You realize that after two months of being in this country,
everybody expects me to behave as if I have fully adjusted to the Kenyan
Culture. They expect me to behave in a completely Kenyan way but the reality is
time away has changed me and though I may seem like someone who has adjusted
well, the reality is deep within I do get lost. I feel like I neither belong
here fully nor to the Norwegian culture I lived in for a while; Call it
identity crisis I guess.
For instance, the other day I visited a high profile
journalist in Kenya in what was to be our first meeting. We had been
communicating for a while over phone and Email but had never really met. I
dressed up in what I felt to be the most comfortable way in the July sun in a polo
neck T-shirt and a trouser and happily placed a back pack on my shoulders and
went to meet him.
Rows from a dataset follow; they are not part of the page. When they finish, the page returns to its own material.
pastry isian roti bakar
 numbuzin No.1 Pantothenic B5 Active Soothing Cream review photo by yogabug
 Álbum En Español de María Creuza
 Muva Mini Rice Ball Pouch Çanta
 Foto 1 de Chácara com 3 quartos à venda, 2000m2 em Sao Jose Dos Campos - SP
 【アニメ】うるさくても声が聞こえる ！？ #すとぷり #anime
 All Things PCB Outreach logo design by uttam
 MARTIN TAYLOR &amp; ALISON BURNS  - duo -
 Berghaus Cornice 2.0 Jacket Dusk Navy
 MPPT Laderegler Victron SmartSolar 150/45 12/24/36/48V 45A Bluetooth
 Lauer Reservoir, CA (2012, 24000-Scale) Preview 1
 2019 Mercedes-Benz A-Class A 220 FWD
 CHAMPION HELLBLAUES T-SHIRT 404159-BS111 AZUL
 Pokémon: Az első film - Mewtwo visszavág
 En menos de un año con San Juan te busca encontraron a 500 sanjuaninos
This was quite something different than my usual jeans and
T-shirt which I was used to in Norway. He was not impressed with my dressing
style though as he later told me. He must have expected me to be more in a suit
and without the back pack. He told me, after a while of course, that the moment
he saw me, his first impression would have been to send me away as I did not
look the part. My only saving point was the confident and re-assuring manner in
which I presented myself from the handshake to the talking, he said.

2 comments:
i understand you now
Keep on writing. There are many things I could relate to having lived in Norway for many years. And you are a good story teller.